During the year, Pentair generated $248 million in free cash flow, which represented another year of greater than 100 percent conversion of net income. The company paid approximately $80 million in dividends in 2011, or $0.80 per share. The new quarterly dividend effective in the first quarter of 2012 equates to an annual cash dividend of $0.88 cents per share, up 10 percent.
"Delivering strong sales and over 20 percent adjusted earnings growth for the year were significant accomplishments given challenging market conditions," said Randall J. Hogan, Pentair chairman and chief executive officer. "Robust sales in fast growth regions, along with distribution gains and new product introductions drove sales higher. Pricing and productivity discipline enabled another year of margin expansion, and we continued to invest in the innovation, brands and global capabilities that we believe position us well to deliver long-term, sustainable growth."
FOURTH QUARTER RESULTS
Total company fourth quarter sales increased 15 percent over the prior year quarter to $866 million, and included 12 percentage points from the CPT acquisition and a minimal negative impact from foreign exchange. Sales in fast growth regions grew 65 percent in the quarter, including a 42 percentage point contribution from the CPT acquisition. Year-over-year sales growth in the quarter included a negative 2 percentage point impact due to sales in 2010 related to the Gulf Intracoastal Waterway (GIWW) project.

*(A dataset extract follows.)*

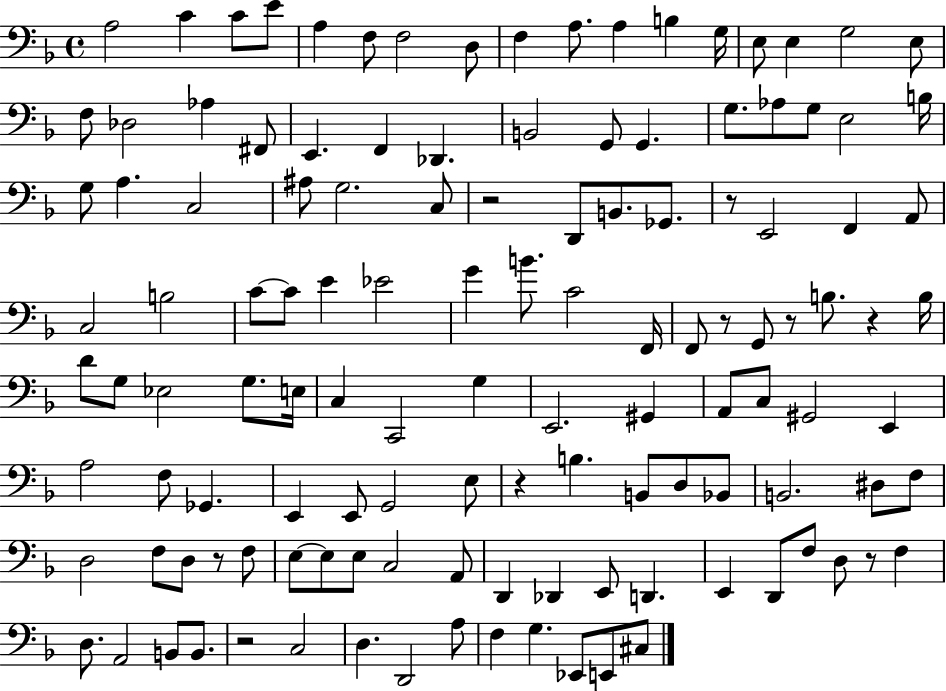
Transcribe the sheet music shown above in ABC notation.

The company reported a fourth quarter operating loss of $120 million compared to operating income of $80 million in the prior year quarter. Fourth quarter results included a pre-tax non-cash goodwill impairment charge of $201 million in the Residential Filtration business as a result of the company's annual impairment analysis of goodwill. The company concluded that due to continued softness in the end-markets served by residential water treatment components, the carrying amount of this business exceeded its fair value. This non-cash charge does not impact the company's normal business operations or debt covenants.
The company also recorded a pre-tax restructuring charge of $11 million in the fourth quarter as a result of repositioning actions taken to reduce the company's cost structure and better align around channels and growth platforms. Excluding the impairment and restructuring charges and acquisition related costs, operating income increased 18 percent over the prior year quarter to $94 million and operating margins expanded 30 basis points to 10.9 percent.
"We delivered strong sales and cash flow performance in the fourth quarter," added Hogan, "despite softness in western European and residential water treatment component sales. While the goodwill impairment charge and restructuring initiatives significantly impacted reported profitability in the quarter, adjusted operating performance was solid as pricing and productivity helped offset inflation and continued global investments."